The fine-tuning code is as follows:

from sentence_transformers import SentenceTransformer, InputExample, losses, evaluation, util
from torch.utils.data import Dataset, DataLoader
import pandas as pd
import random

# ----------------------
# 1. Custom map-style dataset
# ----------------------
class CustomDataset(Dataset):
    """Custom dataset class that supports index access and length retrieval"""
    def __init__(self, examples):
        self.examples = examples

    def __len__(self):
        return len(self.examples)

    def __getitem__(self, idx):
        return self.examples[idx]

# ----------------------
# 2. Prepare training data
# ----------------------
# Example training data: English sentence pairs with similarity scores (0-1)
data = [
    {"sentence1": "Artificial intelligence is transforming healthcare", "sentence2": "AI is revolutionizing medical services", "score": 0.91},
    {"sentence1": "Python is a popular programming language", "sentence2": "Java is widely used in software development", "score": 0.45},
    {"sentence1": "Climate change affects global weather patterns", "sentence2": "Global warming impacts worldwide climate systems", "score": 0.87},
    {"sentence1": "Machine learning algorithms improve with more data", "sentence2": "More data enhances ML model performance", "score": 0.89},
    {"sentence1": "Renewable energy reduces carbon emissions", "sentence2": "Fossil fuels contribute to greenhouse gases", "score": 0.32},
    {"sentence1": "Natural language processing enables chatbots", "sentence2": "NLP powers conversational AI systems", "score": 0.93},
]

df = pd.DataFrame(data)

# Create training examples and shuffle order
train_examples = [
    InputExample(
        texts=[row["sentence1"], row["sentence2"]],
        label=row["score"]
    ) for _, row in df.iterrows()
]
random.shuffle(train_examples)

# Create data loader
train_dataset = CustomDataset(train_examples)
train_dataloader = DataLoader(train_dataset, shuffle=True, batch_size=2)

# ----------------------
# 3. Load base model (all-MiniLM-L6-v2)
# ----------------------
model = SentenceTransformer("all-MiniLM-L6-v2")

# ----------------------
# 4. Configure training parameters
# ----------------------
# Define cosine similarity loss function
train_loss = losses.CosineSimilarityLoss(model)

# Configure evaluator
evaluator = evaluation.EmbeddingSimilarityEvaluator(
    sentences1=df["sentence1"].tolist(),
    sentences2=df["sentence2"].tolist(),
    scores=df["score"].tolist(),
    name="train-eval"
)

# Training parameter settings
num_epochs = 15
warmup_steps = int(len(train_dataloader) * num_epochs * 0.1)  # 10% of total steps
output_path = "./fine-tuned-all-MiniLM-L6-v2"  # Path to save fine-tuned model

# ----------------------
# 5. Execute training
# ----------------------
model.fit(
    train_objectives=[(train_dataloader, train_loss)],
    evaluator=evaluator,
    epochs=num_epochs,
    warmup_steps=warmup_steps,
    output_path=output_path,
    show_progress_bar=True,
    evaluation_steps=3  # Evaluate every 3 steps
)

# ----------------------
# 6. Test the fine-tuned model
# ----------------------
# Load the fine-tuned model
fine_tuned_model = SentenceTransformer(output_path)

# Test sentence pairs
test_sentence1 = "Deep learning is a subset of machine learning"
test_sentence2 = "Machine learning includes deep learning approaches"

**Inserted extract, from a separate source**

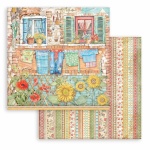 Scrapbooking kétoldalas papír - Sunflower Art windows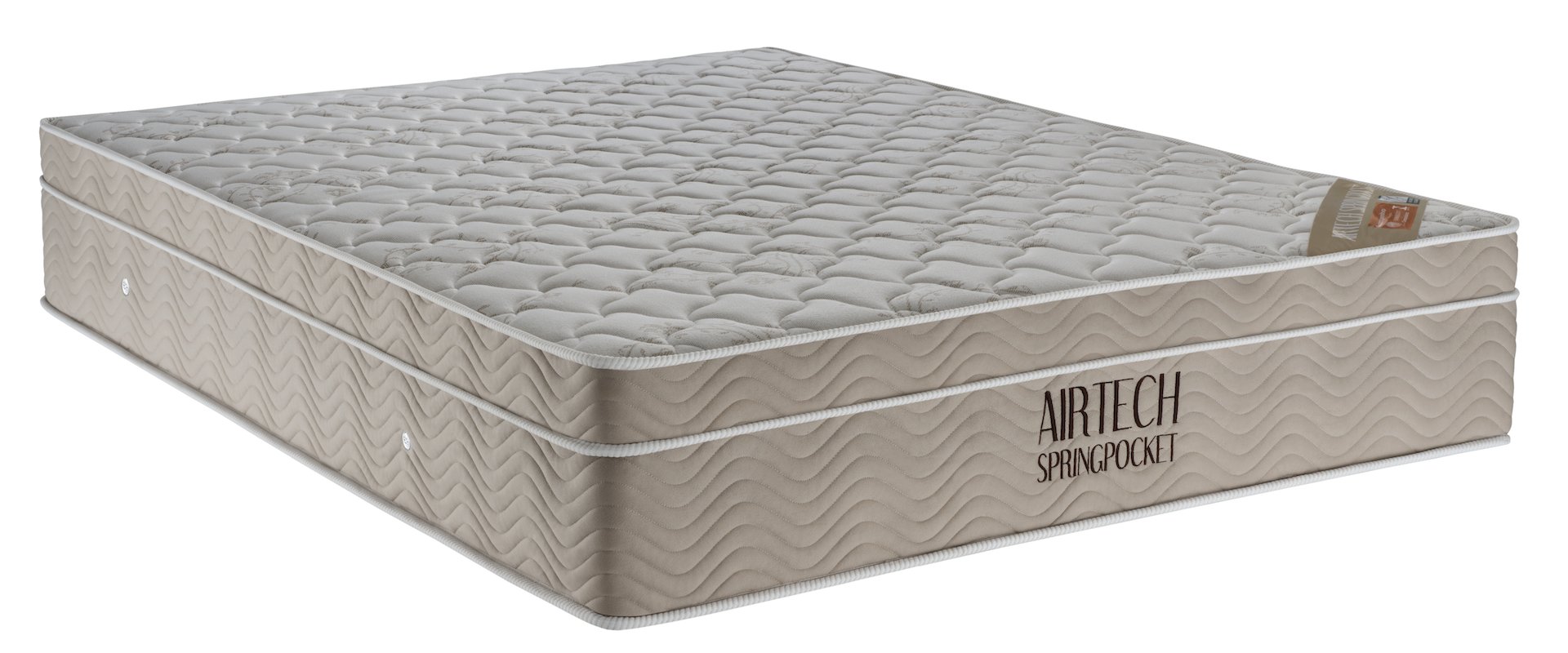 Colchão Casal Airtech Spring Mola Superpocket (25x138x188) Bege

# Generate embeddings and calculate similarity
embedding1 = fine_tuned_model.encode(test_sentence1, convert_to_tensor=True)
embedding2 = fine_tuned_model.encode(test_sentence2, convert_to_tensor=True)
similarity_score = util.cos_sim(embedding1, embedding2).item()

print(f"Test Sentence 1: {test_sentence1}")
print(f"Test Sentence 2: {test_sentence2}")
print(f"Similarity Score: {similarity_score:.4f}")

After a short training period, a new model file /fine-tuned-all-MiniLM-L6-v2 will be generated in the current directory.

If your PC has an NVIDIA GPU, the fine-tuning training speed will be much faster.